И вдруг Николая словно обожгло…

«На немцев, поди, рассчитывает… Немцы – вот та сила, что за Бабаем».

«Немцы – чужаки. Пришли и ушли!»

«Если бы да кабы! А тоже, гляди, не уйдут. А если и уйдут – таких, как Бабай, за себя оставят распоряжаться. Опять гнись, делай, что прикажут. Бона, их и нет еще, а уже приказывает, уже иди хлебом-солью встречай…»

«А выкусить не хотели? Так я и послушался, так и пошел, побежал встречать… Ждите… Скорей ноги протянете…»

«У кого возле ворот стола с хлебом-солью не будет – застрелят».

«Не должно бы, чтоб с этого начинали. Лаской вернее возьмешь, нежели силком. Кось-кось – и в оглобли… Так-то оно по-умному».

«Э-э, откуда тебе знать, что у них, у немцев, за ум? Помнишь, когда-то наехали? Саблей раз – и головы у Софьи как не бывало… А сейчас… Как знать, чья голова долой полетит… Гляди, как бы не твоя».

«Почему вдруг моя?»

«Потому что стол не выносишь, хлебом-солью поганцев встречать не хочешь. Да и сын-то у тебя, Иван… Начальник сельсоветский, коммунист… Что, забыл?»

«Нет, не забыл. Но хлебом-солью эту нечисть встречать, Бабая слушаться…»

«Оно-то верно. Да ведь… Выделяться, лезть на рожон…»

«Всяк за себя отвечает. Я же, поди, не овечка, чтоб вслед за отарой бежать: куда все, туда и я…»

«А голову подставлять зазря? Сдуру?»

Думал-думал Николай, так и этак прикидывал, а что делать, чтоб и приказа Бабаева не послушаться, и от мира не отрываться, не броситься сразу в глаза пришельцам, – не мог придумать.

«Не вынесешь стол с хлебом-солью – пускай не застрелят, но уж запомнить запомнят. А потом аукнется. Ого, еще как аукнется!.. Вынесешь…»

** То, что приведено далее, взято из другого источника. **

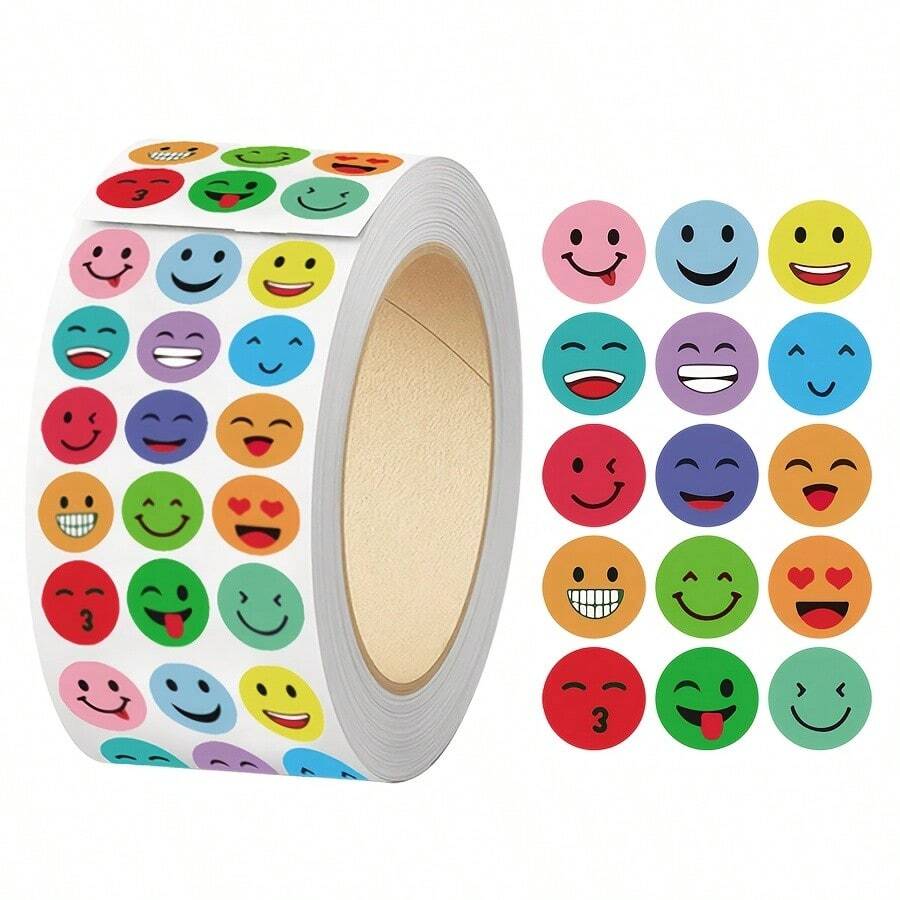 500pcs Round Stickers Roll - Multi-Color Decorative Label Stickers, Suitable For Packaging, Sealing, Journaling And Daily Organization. - A - View 1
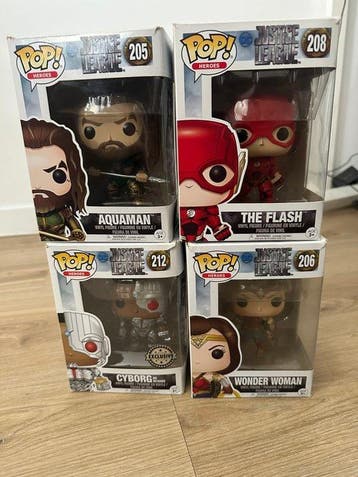 Funko - Funko Pop - Justice League - Lot de 4 (Aquaman 205,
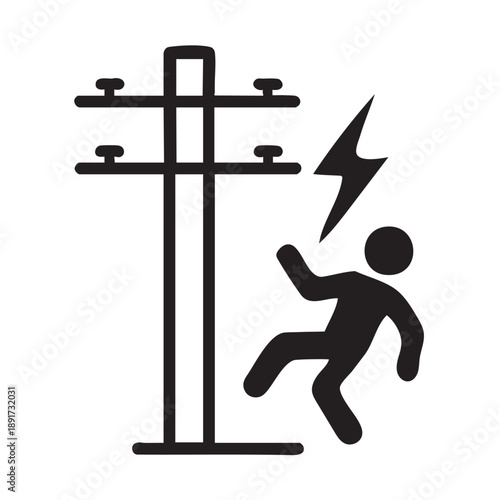 Electric pole shock hazard pictogram for safety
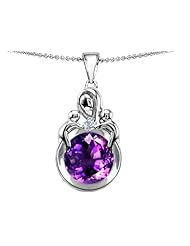 Original Star K (tm) Large Loving Mother With Twins Children Pendant With Round 10mm Simulated Amethyst in 925 Sterling Silver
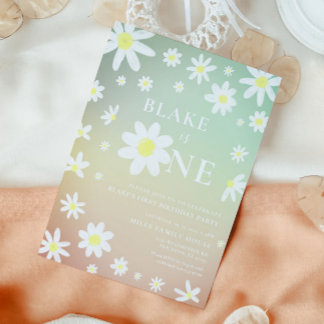 Pastel Daisy Einladung 1. Geburtstag
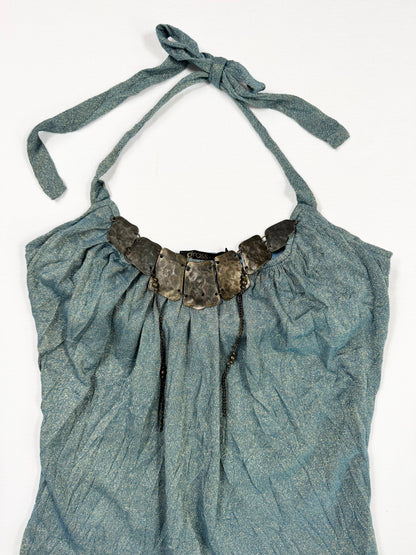 Blue Glitter Metal Chain Halter ♡ S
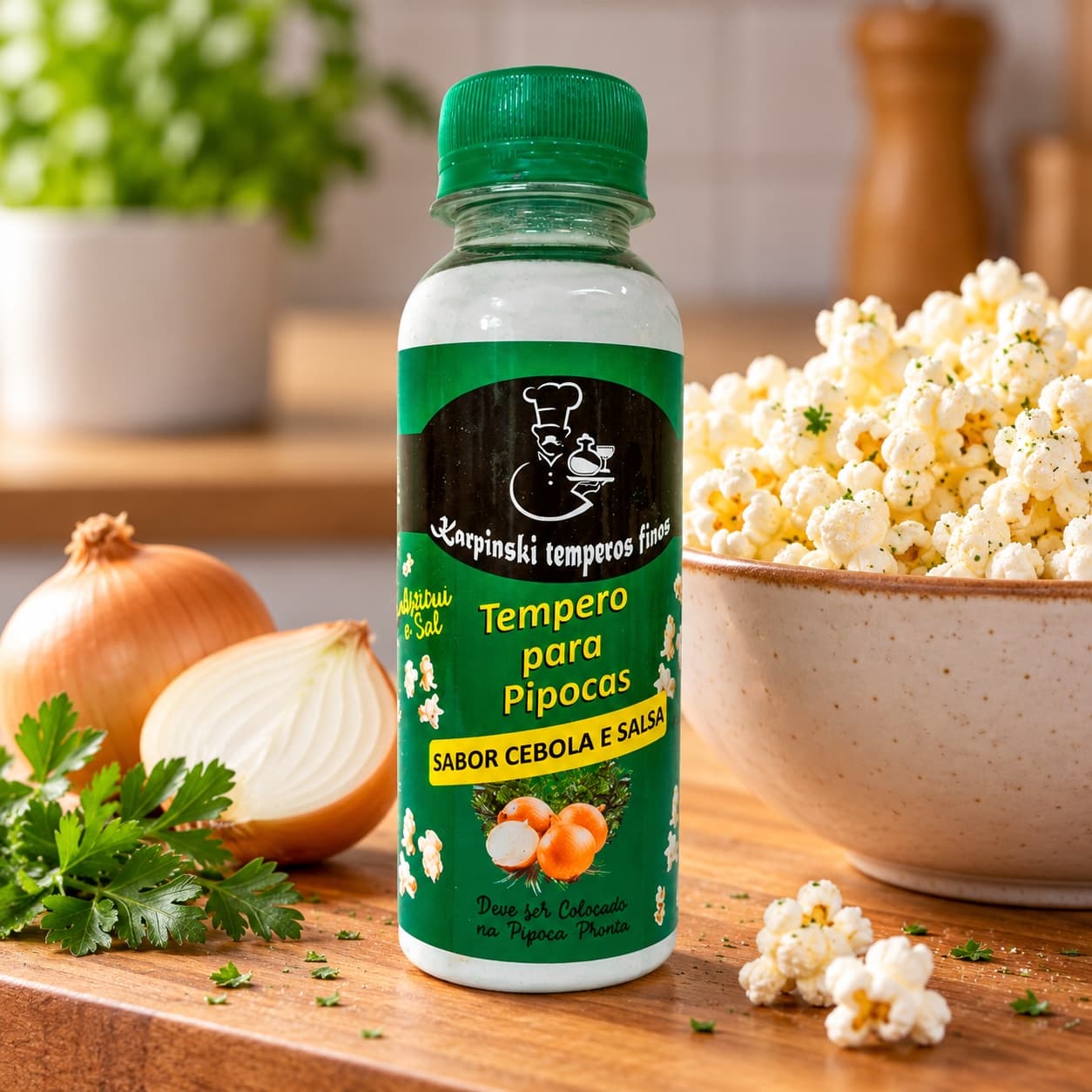 Tempero para Pipoca Sabor Cebola e Salsa Karpinski — no preparo com pipoca preparada em tigela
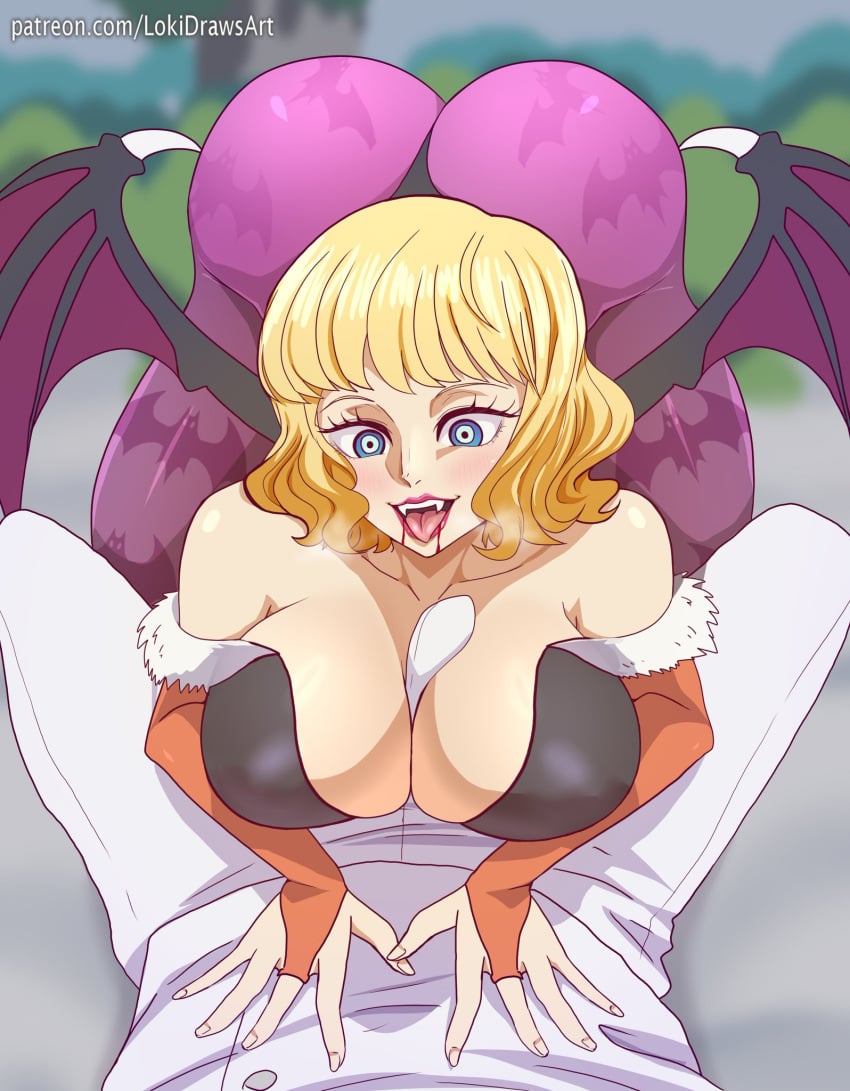 1boy 1girls ass big_ass big_breasts big_butt blonde_hair blue_eyes blush breasts bulge cleavage cosplay darkstalkers fangs female huge_ass huge_breasts large_ass large_breasts lokidrawsart looking_at_viewer male male/female morrigan_aensland_(cosplay) one_piece open_mouth paizuri partial_male penis short_hair shounen_jump straight stussy_(one_piece) titjob vampire vampire_girl wings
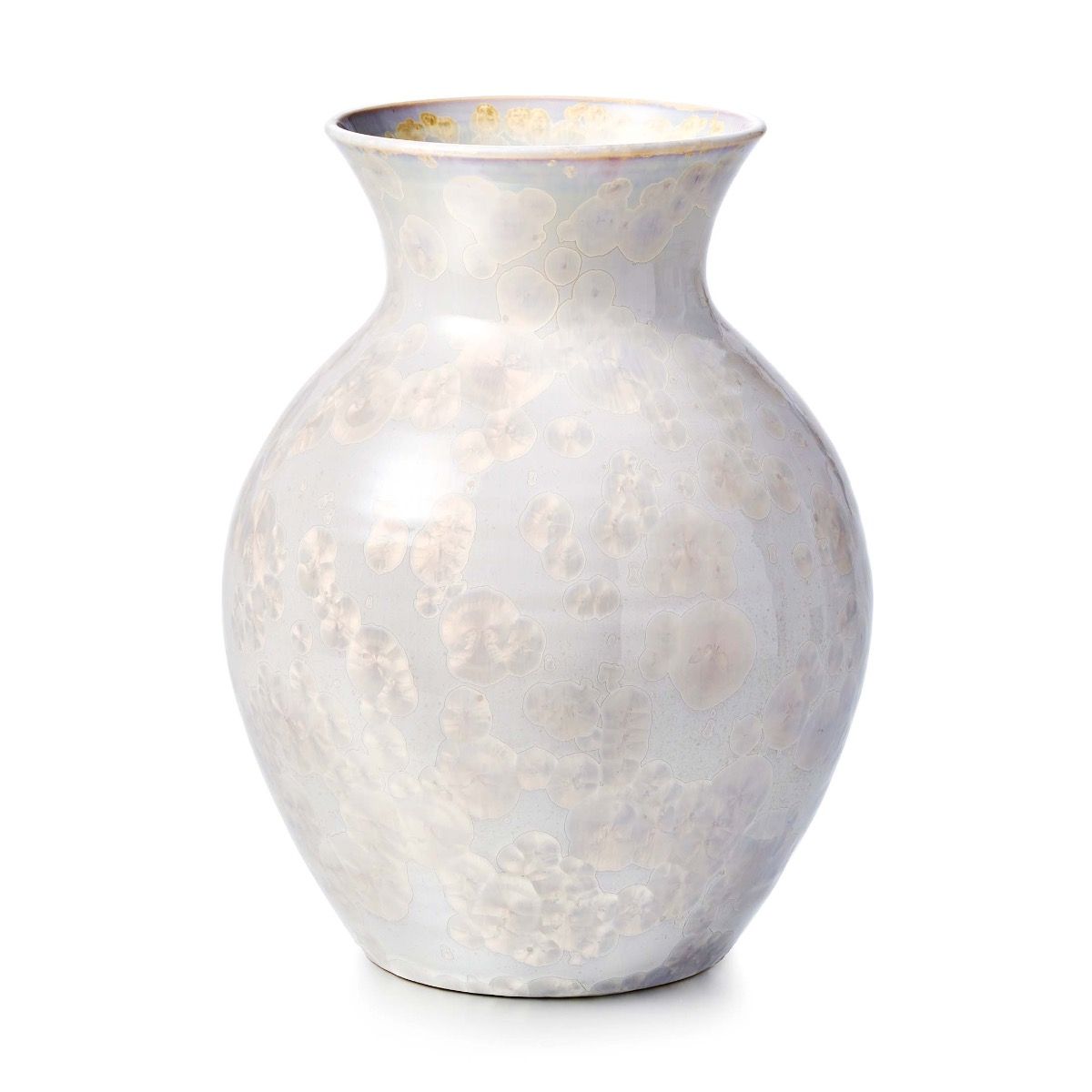White ceramic vase with crystalline texture and floral pattern, wide rounded body tapering to narrow neck with flared rim.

Нет, не мог это сделать Николай. Все его нутро горело, протестовало, противилось этому.

«Лучше не оставаться в деревне, уйти куда-нибудь… Вот именно уйти! Ежели что – меня дома не было, не знал я ничего».

«Так ведь Бабай… Говорил же, наказывал…»

«Мало ли что… Скажу: недослышал, не понял».

Еле-еле рассвета дождался Николай. Лицо ополоснул наскоро, топор из-под лавки достал, сунул за пояс. Прикинул: когда еще Хора проснется, сползет с лежанки, затопит печь, приготовит чего-нибудь поесть… Нет! Никому ничего не говоря, вышел за дверь, тишком, огородами подался в лес.